═══ SUPPLIED DATA ═══

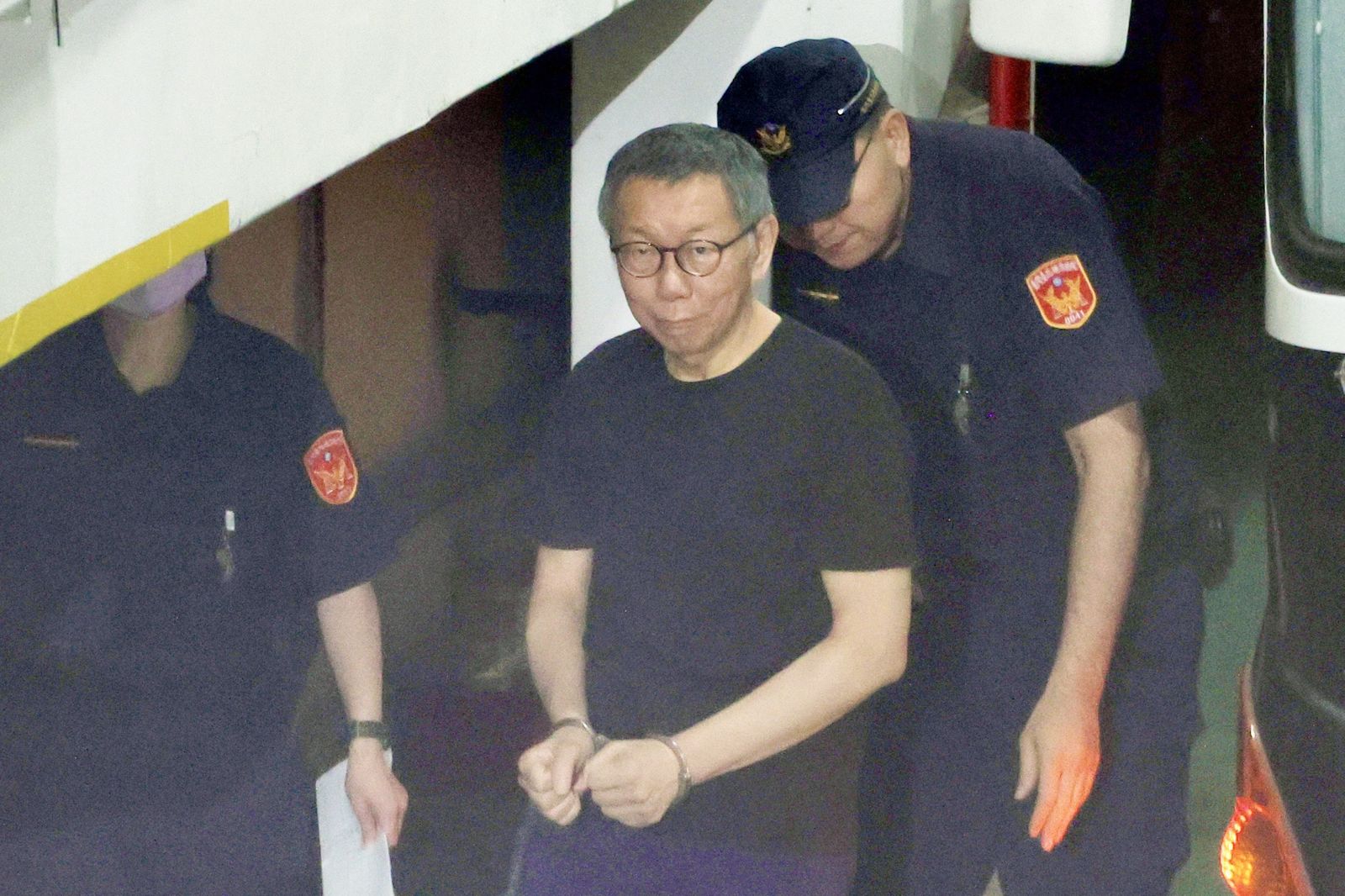 柯文哲昨天向旁聽席民眾說,「請轉告賴清德,我絕不投降」。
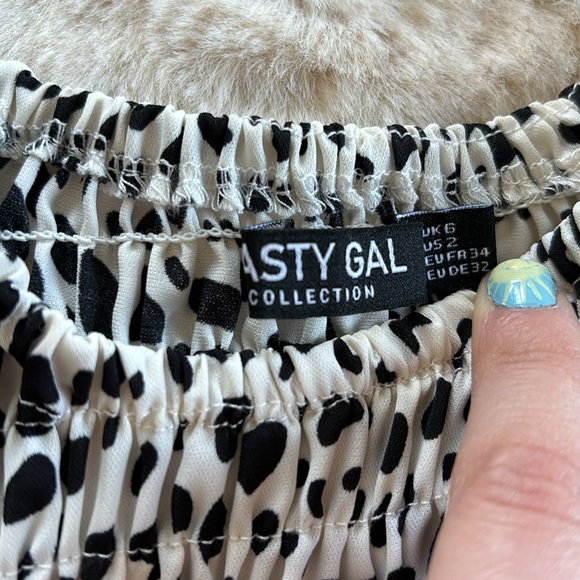 Nasty Gal Collection Dalmatian print long sleeve blouse, size 2 - Picture 4 of 6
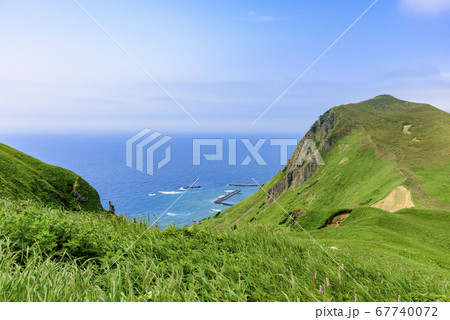 北海道 礼文島 桃岩展望台コースからの眺望の写真素材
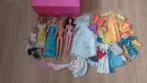 Lot van 5 Barbies, Kleding en koffertje o.a. Mattel, Gebruikt, Ophalen of Verzenden, Barbie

═══

__THE TASK__
Restate each line above exactly, keeping pictures out.

__RESPONSE TO THIS TASK__
 柯文哲昨天向旁聽席民眾說,「請轉告賴清德,我絕不投降」。
 Nasty Gal Collection Dalmatian print long sleeve blouse, size 2 - Picture 4 of 6
 北海道 礼文島 桃岩展望台コースからの眺望の写真素材
 Lot van 5 Barbies, Kleding en koffertje o.a. Mattel, Gebruikt, Ophalen of Verzenden, Barbie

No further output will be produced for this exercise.